Developed as part of a UK government-funded initiative awarded by the AI Security Institute, the platform allows autonomous subsea systems to be tested within a realistic digital offshore environment prior to live deployment. The project, titled “Evolving Human-AI Competencies: Workforce Development for Building Systemically Safe Cyber-Physical Systems,” was led academically by King’s College London, with SeaBot Maritime directing operational and training design to ensure real-world maritime relevance.
The initiative strengthens how offshore operations are prepared and delivered, pairing advanced simulation with highly trained operators to enhance safety, readiness, and operational resilience.
At the core of the platform is GRi Simulation’s VROV™ (Virtual Remotely Operated Vehicle) system, a real-time marine operations simulator used globally for subsea training. For the project, GRi configured VROV to create a digital twin of an offshore wind farm inspection using a Saab Seaeye Falcon ROV. Monopile structures were populated with randomized inspection faults, including corrosion, marine growth, anode damage, and subsea cable defects, ensuring no two simulated missions are identical.
Environmental variables such as sea state, current, turbidity, and sonar noise can be adjusted to reflect real offshore conditions, with dynamic tether modeling and collision detection adding further operational realism. VROV supports the live integration of external autonomy control systems, creating both a sophisticated training environment and an autonomy validation testbed. During the project, Frontier Robotics integrated its autonomous navigation software into the simulator, moving from small-scale physical tank testing to expansive virtual ocean environments. The integration enabled testing of autopilot-assisted navigation, multi-waypoint mission planning, SLAM-based localization, obstacle avoidance, and both semi-autonomous and fully autonomous inspection workflows within a realistic offshore setting.

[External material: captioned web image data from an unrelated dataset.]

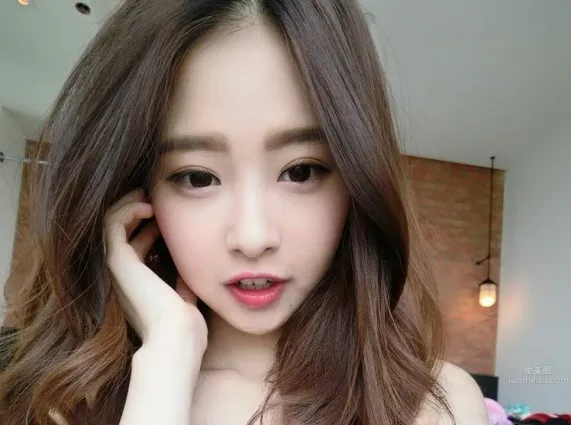 Hana Lin- 娃娃臉正妹可愛的外表有著驚人美胸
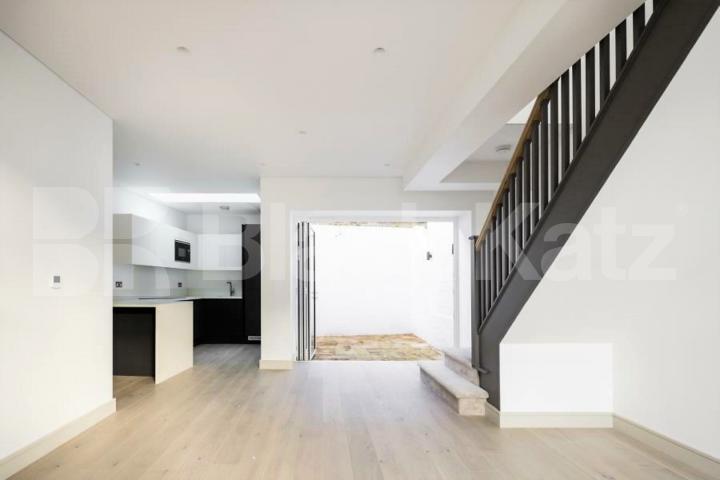 Luxury new 2 bed split level house with patio area in Kentish Town Raglan Street, Kentish Town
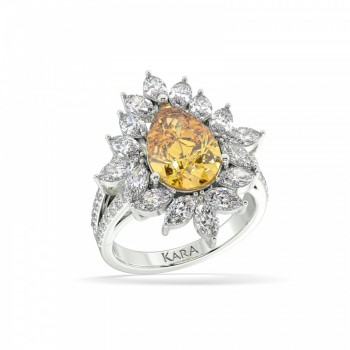 Ring with 2.41 ct yellow sapphire and 1.62 ct diamonds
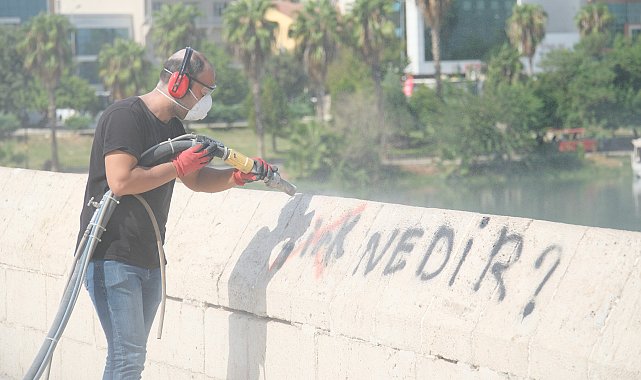 Adana Taşkörü'de sprey boya temizliği yapıldı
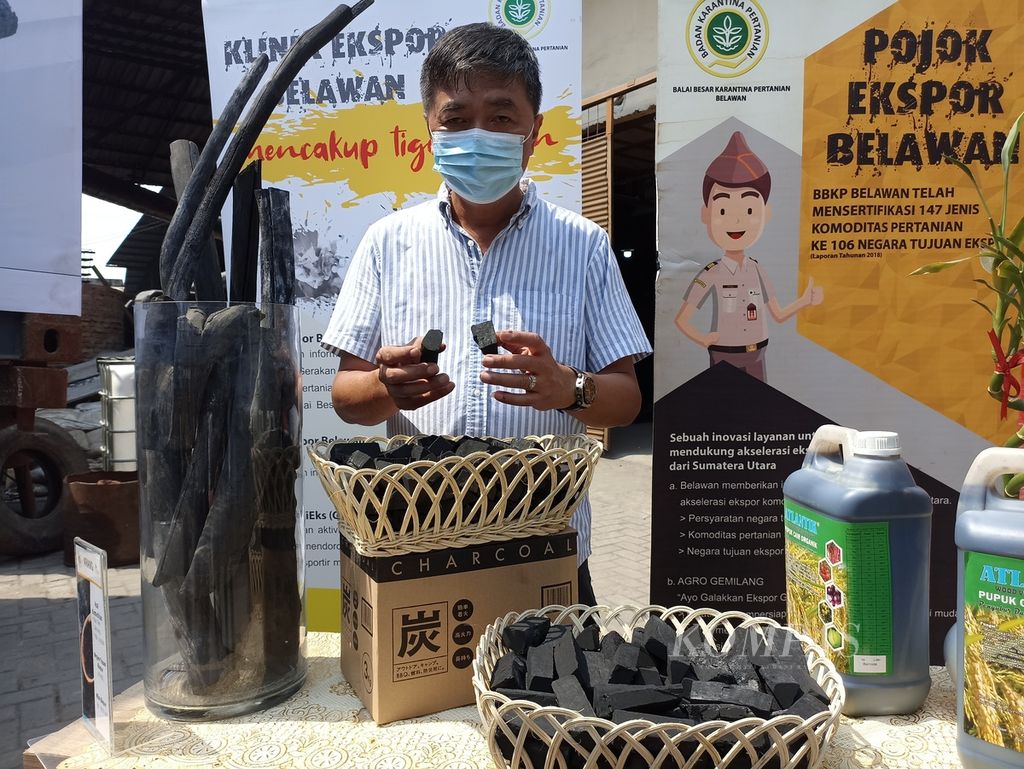 Pemilik PT Bio Energi Rimba, Riduwan, menunjukkan arang barbeku yang diekspor ke Jepang sebanyak 51,5 ton dengan nilai Rp 140,6 juta di Kawasan Industri Medan, Sumatera Utara, Jumat (28/1/2022).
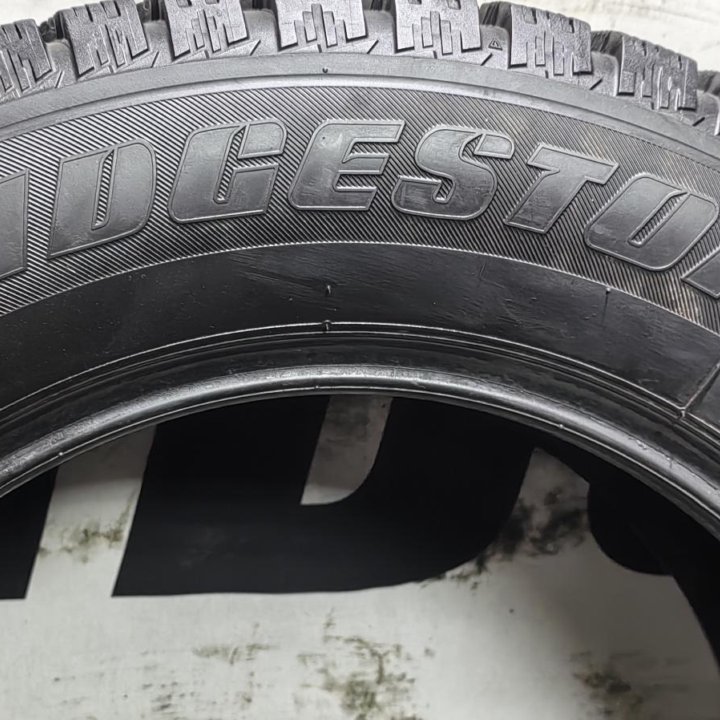 205/65R16 95T Bridgestone Ice Cruiser 7000 одна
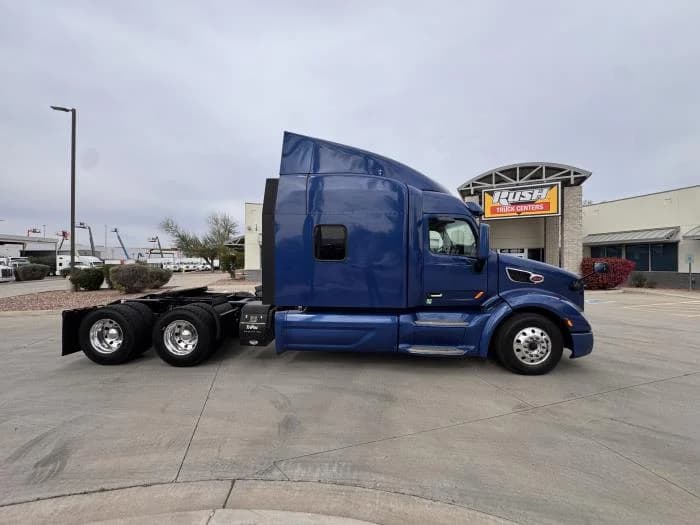 2020 Peterbilt 579 in Phoenix, AZ — photo 7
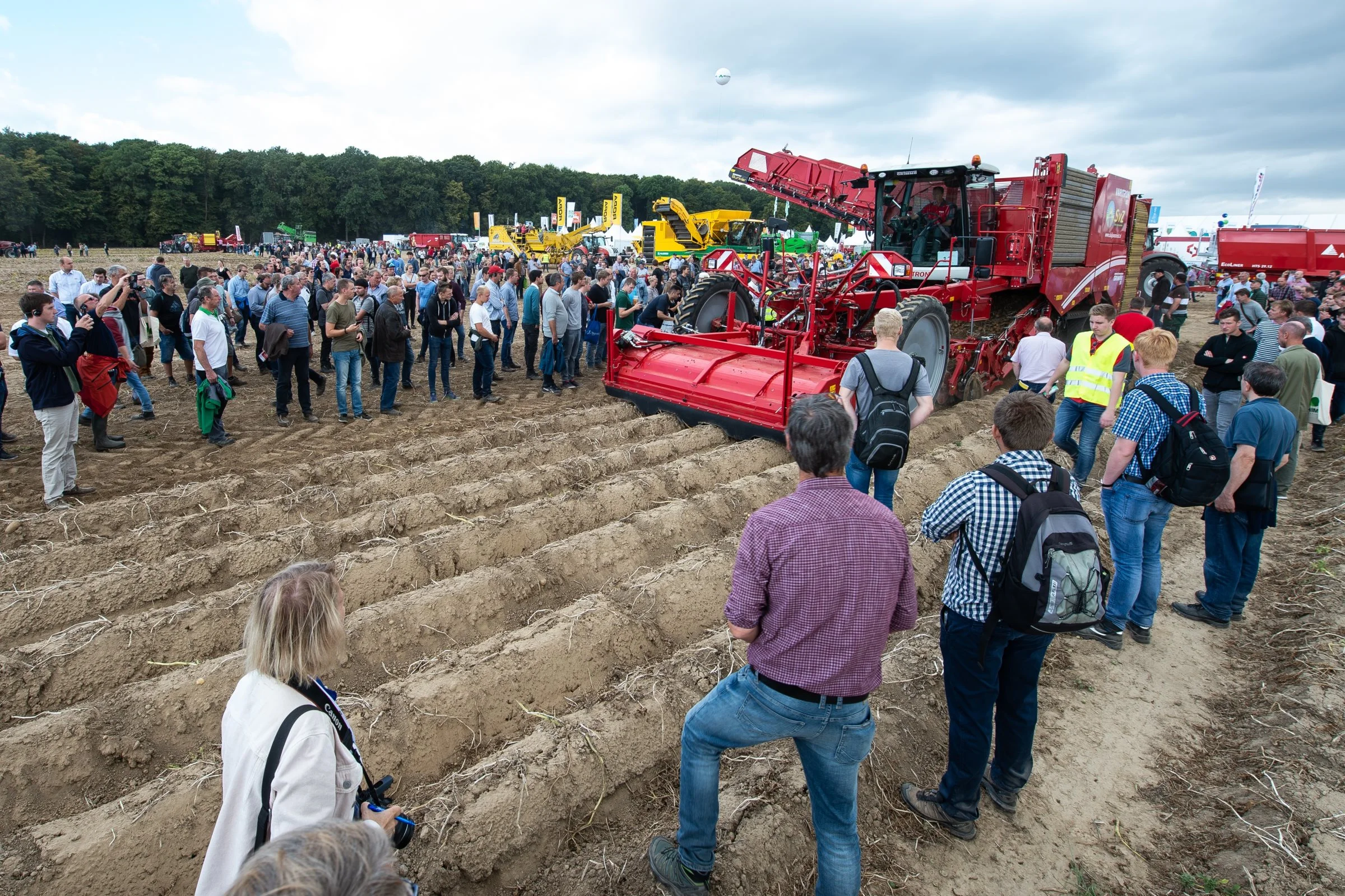 Der bliver rig mulighed for at tage mere end 40 maskiner i nærmere øjesyn, når de demonstreres i marken ved PotatoEurope i næste uge. Pressefoto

The platform also allows deliberate introduction of failure states, including autopilot degradation, camera malfunction, and environmental disturbances. Operators can rehearse emergency intervention scenarios and assess how humans and autonomous systems perform together under pressure, without the cost or risk of offshore deployment.
SeaBot Maritime is now leading the commercial translation of the platform into structured training and competency pathways for offshore operators. Headquartered in Hampshire, UK, the company provides workforce development solutions for uncrewed, autonomous, and remote maritime operations across defense, commercial, and government sectors.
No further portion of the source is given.